I did a trial of this when I was doing some advisory* work at a commercial brewery, IIRC we used around half a litre of O2 absorber capacity per kg of hops in the bag. After a month or so of storage in normal conditions (4 degree coolroom, bags rolled down and taped) there was a very distinct difference between the trial and the control and no discernable difference between the trial and hops from an unopened bag.

* I hate the word consultant.
 
BTW if you want to eliminate oxygen from stored hops, oxygen absorber sachets work very well.

I did a trial of this when I was doing some advisory* work at a commercial brewery, IIRC we used around half a litre of O2 absorber capacity per kg of hops in the bag. After a month or so of storage in normal conditions (4 degree coolroom, bags rolled down and taped) there was a very distinct difference between the trial and the control and no discernable difference between the trial and hops from an unopened bag.
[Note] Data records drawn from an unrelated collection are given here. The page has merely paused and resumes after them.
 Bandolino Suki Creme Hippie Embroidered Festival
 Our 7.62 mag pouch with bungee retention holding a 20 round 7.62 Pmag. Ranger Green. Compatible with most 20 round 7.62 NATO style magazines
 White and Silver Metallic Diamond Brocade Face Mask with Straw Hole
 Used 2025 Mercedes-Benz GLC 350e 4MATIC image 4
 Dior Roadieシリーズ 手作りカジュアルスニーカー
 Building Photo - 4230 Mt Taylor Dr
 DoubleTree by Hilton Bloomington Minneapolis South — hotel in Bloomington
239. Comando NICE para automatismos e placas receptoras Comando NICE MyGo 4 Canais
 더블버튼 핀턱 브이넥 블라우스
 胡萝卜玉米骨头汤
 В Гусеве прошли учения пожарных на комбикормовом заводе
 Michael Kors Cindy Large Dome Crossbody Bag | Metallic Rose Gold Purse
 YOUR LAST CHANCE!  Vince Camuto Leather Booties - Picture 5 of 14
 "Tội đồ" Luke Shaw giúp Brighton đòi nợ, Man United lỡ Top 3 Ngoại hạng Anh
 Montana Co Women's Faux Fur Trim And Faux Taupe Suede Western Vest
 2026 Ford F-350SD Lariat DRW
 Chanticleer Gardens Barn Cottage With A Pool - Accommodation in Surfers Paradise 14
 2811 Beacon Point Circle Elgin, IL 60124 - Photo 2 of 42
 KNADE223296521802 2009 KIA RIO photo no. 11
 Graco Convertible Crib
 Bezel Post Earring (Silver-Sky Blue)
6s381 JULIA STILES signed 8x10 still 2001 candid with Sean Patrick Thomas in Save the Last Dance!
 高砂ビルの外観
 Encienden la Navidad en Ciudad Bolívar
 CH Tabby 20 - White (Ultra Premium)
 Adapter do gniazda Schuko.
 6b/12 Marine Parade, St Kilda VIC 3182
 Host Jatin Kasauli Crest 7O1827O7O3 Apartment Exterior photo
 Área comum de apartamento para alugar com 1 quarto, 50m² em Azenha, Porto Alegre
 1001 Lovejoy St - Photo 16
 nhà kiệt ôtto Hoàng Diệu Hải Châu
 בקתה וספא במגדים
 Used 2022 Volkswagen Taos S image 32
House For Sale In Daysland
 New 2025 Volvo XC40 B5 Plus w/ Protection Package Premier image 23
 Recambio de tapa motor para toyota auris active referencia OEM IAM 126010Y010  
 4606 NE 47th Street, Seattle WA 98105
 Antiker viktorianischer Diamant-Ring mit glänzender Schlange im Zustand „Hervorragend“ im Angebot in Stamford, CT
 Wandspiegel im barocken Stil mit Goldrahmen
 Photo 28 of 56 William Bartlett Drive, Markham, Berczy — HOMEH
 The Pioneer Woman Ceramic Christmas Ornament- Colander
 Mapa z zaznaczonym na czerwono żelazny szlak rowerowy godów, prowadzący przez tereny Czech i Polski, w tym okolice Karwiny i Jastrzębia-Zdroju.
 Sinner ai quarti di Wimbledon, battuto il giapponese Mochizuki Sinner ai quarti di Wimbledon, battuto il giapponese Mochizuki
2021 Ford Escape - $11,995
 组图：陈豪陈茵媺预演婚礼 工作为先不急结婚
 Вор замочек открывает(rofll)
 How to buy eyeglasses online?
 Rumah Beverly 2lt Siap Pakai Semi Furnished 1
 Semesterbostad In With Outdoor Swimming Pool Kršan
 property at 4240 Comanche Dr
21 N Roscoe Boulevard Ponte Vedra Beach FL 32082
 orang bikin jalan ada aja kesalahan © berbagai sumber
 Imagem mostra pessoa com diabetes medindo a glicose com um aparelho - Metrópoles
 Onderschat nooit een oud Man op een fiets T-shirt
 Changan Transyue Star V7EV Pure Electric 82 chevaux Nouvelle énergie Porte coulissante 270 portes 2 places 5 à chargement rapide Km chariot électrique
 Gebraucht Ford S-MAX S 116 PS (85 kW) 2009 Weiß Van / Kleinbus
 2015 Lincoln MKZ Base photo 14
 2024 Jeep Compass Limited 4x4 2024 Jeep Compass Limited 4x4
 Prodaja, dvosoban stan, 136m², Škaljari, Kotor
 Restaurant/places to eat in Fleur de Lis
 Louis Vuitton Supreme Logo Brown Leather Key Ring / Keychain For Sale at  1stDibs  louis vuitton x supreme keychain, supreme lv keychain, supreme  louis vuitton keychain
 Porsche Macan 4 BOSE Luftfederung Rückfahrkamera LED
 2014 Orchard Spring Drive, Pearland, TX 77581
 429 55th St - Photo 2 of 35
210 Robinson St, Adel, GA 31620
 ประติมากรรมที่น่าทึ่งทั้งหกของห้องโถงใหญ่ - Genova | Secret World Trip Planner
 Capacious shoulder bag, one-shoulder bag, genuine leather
* I hate the word consultant.

Where do you get the O2 absorber sachets?
 
I disagree that dry hopping doesn't add bitterness.
Chew a single hop pellet. Go on.

gurning.jpg
 
Dry hopping will add perceived bitterness but not IBU - it is not iso-alpha acids that is the source of bitterness in this case. The oxidised alpha acids part of the hop packaging process will add some bitterness, there may be other sources of bitterness too
 
The hop bag will soak up a whole bunch of the hop flavour/bitterness/whateverthefark so you're better off going loose.

So the study that I read tells me anyway.